The wax on the surface should guarantee the hardened lead will not stick to the surface.
It works for me. :grin:
 
Zonie said:
Rifleman1776 said:
:( Well, just tried the mould. All is not well. Balls stick inside something fierce. I have to pry out with an awl. Not good. I did spray with a mould release. But, will let it cool and use a different release and try again.
If you have one laying around, you might try lighting a candle and holding the exposed cavity's down in the flame.

This will "smoke" the mold but (IMO) more importantly, because you used a candle, the smoke will contain some unburned paraffin wax.

The wax on the surface should guarantee the hardened lead will not stick to the surface.
It works for me. :grin:


Yep. In the past I have done the candle thing and will try. However, the sprue is quite long. I may drill the 'puddle' a bit deeper to shorten it. Haven't done that yet. I need to think about that move more before I screw up the mould entirely.
 
Zonie said:
..."smoke" the mold....

That's always worked a treat for me with Tanner molds.

As for oversize sprues, I just use either one-sided sidecutters or gate cutters. Either lets me cut right up flush with the ball.
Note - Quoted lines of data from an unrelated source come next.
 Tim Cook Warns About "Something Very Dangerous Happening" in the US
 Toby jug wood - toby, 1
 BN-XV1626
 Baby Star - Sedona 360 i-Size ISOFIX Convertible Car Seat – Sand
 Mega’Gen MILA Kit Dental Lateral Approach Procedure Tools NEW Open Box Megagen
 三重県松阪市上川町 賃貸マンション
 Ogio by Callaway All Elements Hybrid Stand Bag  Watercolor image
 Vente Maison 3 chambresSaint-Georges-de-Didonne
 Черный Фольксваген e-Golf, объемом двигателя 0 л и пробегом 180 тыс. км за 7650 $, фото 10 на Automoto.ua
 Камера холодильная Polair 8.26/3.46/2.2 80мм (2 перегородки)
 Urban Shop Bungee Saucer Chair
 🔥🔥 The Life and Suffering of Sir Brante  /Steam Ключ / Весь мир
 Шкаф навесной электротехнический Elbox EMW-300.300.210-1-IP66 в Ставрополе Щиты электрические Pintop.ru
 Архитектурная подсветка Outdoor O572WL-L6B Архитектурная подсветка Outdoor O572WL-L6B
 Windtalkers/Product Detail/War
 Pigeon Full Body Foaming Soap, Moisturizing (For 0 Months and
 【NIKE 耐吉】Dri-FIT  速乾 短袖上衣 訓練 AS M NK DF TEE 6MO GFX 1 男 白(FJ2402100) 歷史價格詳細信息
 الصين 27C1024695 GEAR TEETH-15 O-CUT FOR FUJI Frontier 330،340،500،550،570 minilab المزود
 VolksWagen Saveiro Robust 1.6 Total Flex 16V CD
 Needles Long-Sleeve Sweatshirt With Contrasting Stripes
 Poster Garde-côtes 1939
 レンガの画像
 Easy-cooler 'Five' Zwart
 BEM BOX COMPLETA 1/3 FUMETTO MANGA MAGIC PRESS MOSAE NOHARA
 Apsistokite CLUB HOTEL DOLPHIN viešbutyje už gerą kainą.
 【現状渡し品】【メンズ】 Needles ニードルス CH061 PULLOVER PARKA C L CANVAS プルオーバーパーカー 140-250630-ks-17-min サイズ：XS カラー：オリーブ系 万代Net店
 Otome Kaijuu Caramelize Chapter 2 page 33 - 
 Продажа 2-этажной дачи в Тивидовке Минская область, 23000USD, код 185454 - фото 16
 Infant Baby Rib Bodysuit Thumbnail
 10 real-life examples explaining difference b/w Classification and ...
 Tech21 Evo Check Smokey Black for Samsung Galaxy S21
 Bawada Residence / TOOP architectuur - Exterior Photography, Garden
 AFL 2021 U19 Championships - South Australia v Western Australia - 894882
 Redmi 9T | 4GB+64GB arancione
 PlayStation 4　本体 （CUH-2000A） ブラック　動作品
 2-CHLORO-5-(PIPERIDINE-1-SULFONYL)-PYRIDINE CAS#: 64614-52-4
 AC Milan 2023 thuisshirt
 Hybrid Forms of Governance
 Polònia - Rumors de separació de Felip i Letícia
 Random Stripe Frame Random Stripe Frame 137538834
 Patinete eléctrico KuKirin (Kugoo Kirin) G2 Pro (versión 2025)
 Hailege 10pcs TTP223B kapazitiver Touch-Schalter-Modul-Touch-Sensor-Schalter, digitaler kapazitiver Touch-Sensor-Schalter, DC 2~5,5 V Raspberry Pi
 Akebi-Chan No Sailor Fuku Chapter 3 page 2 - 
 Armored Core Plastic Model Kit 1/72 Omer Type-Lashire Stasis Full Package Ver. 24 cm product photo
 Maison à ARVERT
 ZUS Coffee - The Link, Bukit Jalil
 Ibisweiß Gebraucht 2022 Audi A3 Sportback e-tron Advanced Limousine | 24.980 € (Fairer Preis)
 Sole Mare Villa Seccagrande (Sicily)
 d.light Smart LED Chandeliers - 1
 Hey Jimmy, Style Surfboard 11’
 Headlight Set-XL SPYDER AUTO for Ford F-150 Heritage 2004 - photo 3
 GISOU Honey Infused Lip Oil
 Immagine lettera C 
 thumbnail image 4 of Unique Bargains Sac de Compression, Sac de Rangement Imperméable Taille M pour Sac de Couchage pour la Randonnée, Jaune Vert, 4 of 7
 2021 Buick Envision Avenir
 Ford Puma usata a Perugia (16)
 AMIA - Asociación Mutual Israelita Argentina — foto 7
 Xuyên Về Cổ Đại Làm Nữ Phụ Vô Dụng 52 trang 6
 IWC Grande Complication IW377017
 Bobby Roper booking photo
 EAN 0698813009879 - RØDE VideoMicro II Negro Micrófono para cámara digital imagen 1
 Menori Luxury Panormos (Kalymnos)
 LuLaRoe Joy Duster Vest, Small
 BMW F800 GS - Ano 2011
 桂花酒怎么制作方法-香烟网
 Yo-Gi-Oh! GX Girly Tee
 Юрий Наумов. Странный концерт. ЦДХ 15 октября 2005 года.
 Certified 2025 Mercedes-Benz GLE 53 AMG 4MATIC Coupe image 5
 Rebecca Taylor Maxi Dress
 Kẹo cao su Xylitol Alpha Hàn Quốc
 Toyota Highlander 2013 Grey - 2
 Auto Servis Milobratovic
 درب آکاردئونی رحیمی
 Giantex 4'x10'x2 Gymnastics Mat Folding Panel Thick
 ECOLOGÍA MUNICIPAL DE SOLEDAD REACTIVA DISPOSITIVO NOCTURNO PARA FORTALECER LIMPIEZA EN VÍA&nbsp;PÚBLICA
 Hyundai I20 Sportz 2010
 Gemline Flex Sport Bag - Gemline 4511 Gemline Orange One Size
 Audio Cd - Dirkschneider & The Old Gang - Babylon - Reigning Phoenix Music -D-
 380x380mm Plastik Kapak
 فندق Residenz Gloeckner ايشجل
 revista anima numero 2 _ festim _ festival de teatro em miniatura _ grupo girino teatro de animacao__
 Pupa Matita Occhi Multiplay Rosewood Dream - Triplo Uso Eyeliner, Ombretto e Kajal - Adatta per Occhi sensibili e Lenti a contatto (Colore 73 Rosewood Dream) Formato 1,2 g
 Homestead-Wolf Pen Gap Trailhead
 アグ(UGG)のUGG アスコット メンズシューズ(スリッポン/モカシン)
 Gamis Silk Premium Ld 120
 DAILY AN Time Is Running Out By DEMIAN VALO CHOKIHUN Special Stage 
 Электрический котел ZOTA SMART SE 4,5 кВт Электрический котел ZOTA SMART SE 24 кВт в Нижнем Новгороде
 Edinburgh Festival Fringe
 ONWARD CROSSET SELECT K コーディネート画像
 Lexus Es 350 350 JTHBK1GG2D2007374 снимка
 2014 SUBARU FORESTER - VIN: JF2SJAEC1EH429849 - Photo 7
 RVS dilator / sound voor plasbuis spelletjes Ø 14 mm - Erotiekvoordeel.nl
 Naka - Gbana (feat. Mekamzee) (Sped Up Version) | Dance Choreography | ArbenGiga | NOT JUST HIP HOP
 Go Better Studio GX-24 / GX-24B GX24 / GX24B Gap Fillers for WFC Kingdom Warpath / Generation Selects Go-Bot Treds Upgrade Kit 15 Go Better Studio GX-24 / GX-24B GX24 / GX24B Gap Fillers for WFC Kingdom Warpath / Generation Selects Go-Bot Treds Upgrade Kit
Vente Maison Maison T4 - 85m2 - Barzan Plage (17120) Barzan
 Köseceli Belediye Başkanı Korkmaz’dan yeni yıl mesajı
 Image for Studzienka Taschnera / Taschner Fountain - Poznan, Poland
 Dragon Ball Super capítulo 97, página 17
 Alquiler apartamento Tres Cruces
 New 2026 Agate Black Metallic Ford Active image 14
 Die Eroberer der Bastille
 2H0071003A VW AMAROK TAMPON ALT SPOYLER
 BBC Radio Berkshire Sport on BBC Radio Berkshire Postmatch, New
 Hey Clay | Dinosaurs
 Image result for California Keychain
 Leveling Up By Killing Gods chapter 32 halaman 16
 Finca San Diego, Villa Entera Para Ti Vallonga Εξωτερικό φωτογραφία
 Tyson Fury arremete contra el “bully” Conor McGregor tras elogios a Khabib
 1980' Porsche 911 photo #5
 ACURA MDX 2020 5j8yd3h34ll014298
Excess lead goes right back into the pot.

All pretty standard stuff for lead casting. I cast 100's of pounds of fishing weights up to 32 oz each year along with balls and bullets, so it's standard stuff close at hand for me.
 
If you have to pry the RBs out, it sounds like it may be cut off center. I've had sticky moulds before but never one I had to pry the bullets out and a RB should even be easier.